Réalisation bien singulière puisqu’elle prend la forme d’un ancien support (en vigueur au cours des premiers moments de l’humanité) … une sorte de « peau » d’animal sur laquelle semble être consignée l’histoire d’une première humanité, justement ; d’une mémoire collective.
Les réalisations de Chantal CHARRON reflètent le même désir : explorer et mettre au jour l’histoire – riche et multiple – de notre humanité ; cela, depuis le début de celle-ci. La présentation formelle de l’une des toiles de la série « Dans la marge », s’impose à notre regard : une toile composée de « morceaux » de toiles ; comme si elle était en train d’être travaillée et retravaillée par une couturière. D’un point de vue symbolique, en effet, les retouches ne sont jamais achevées, en témoignent cette « coupure » laissant apparaître un rembourrage, de même que les fils et les tracés ; tracés qui, sur la partie bleue, s’imposent comme des lignes en attente d’écriture ; prêtes à tisser et à retisser les éléments futurs d’une histoire collective.

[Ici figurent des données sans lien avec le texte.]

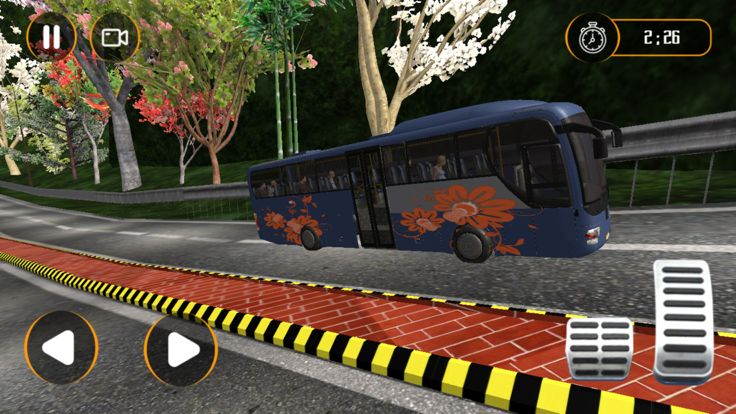 Urban Bus Driving Pro游戏截图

Sous le pinceau de l’artiste, la « marge » est réhabilitée dans la mesure où elle recèle une énergie à la fois passée et actuelle ; une vie interne foisonnante, toujours en train d’être retranscrite dans ce qu’elle a de plus vif ; une vie qui n’est jamais statique et qui est toujours sur le point de rédiger une partition.
Autre réalisation marquante de Chantal CHARRON : ce « palimpseste » qui, lui aussi, retranscrit une épopée humaine ; depuis cette matière informelle, au centre (mais déjà vibrante des énergies à venir), jusqu’à ces colonnes, en haut et en bas, s’imposant comme une écriture… l’écriture d’une première société ; de ses strates, de son organisation.

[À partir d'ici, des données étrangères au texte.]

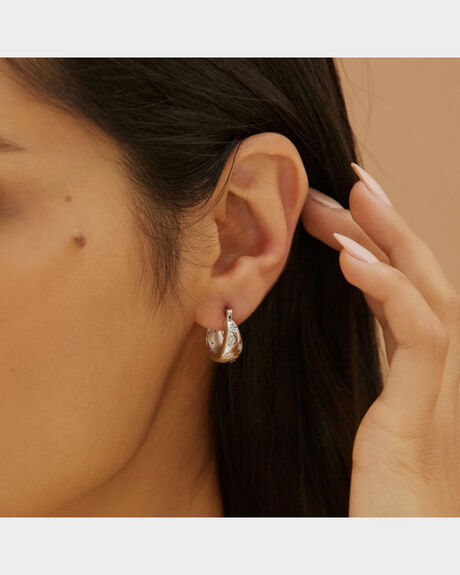 SILVER WOMENS ACCESSORIES EL&RO JEWELLERY JEWELLERY - AW22-AHE-SS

Mémoire, Histoire, éléments du patrimoine… autant d’éléments qui caractérisent les réalisations de Victor ANICET… ces plaques de lave (« les grands projetés ») qui figent, dans la pierre issue du feu, les différents aspects du monde antillais : les marchandes, envisagées dans une certaine perspective abstraite, stylisée, concentrée ; leur conférant une valeur d’archétype. (Ces marchandes dont les corps s’incorporent dans toutes les couleurs du monde, dans la force concrète de celui-ci) ; les outils propres au travail de la terre (non dénués d’une certaine violence) ; la faune si particulière. Ces plaques qui gravent une certaine identité collective.
Monde caractérisé par un dynamisme manifeste ; une sorte de « chaos » constructeur, bouleversant un certain ordre établi. Cette perspective est illustrée dans les six toiles proposées par Raymond MEDELICE. Six toiles que l’on pourrait interpréter comme une sorte de discours sur une école en mutation, où la violence n’est certes pas absente, en témoignent, par exemple, cette chaise en retrait, comme mise à l’écart, représentée sur l’une des toiles en haut ; ou cette autre chaise manquante, sur une autre toile. Mais ce qui semble primer, c’est cette aura d’énergie qui nimbe ce mobilier ; comme une énergie latente, traduisant peut-être un certain souffle ; un certain renouveau ; une volonté d’unité malgré tout.
Cette volonté d’unité, précisément, se retrouve dans les toiles de Martine PORRY, intitulées « Conversations ». « Conversations » vraisemblablement plus abouties sur celle qui se trouve en haut, en témoigne ce tracé circulaire rapprochant les êtres représentés. Un tracé qui s’impose comme une auréole et traduit un échange intense et fructueux permettant à ces êtres de gagner en hauteur et en épaisseur. « Conversations » plus intimes s’agissant de la toile inférieure, les êtres représentés semblant saisis dans leur solitude intime… mais « conversations », tout de même, en témoignent ces couleurs qui leur tiennent lieu de « corps », de « peau », de même que ces carrés colorés derrière eux, comme autant d’expressions d’une « conscience » cherchant à agencer le monde.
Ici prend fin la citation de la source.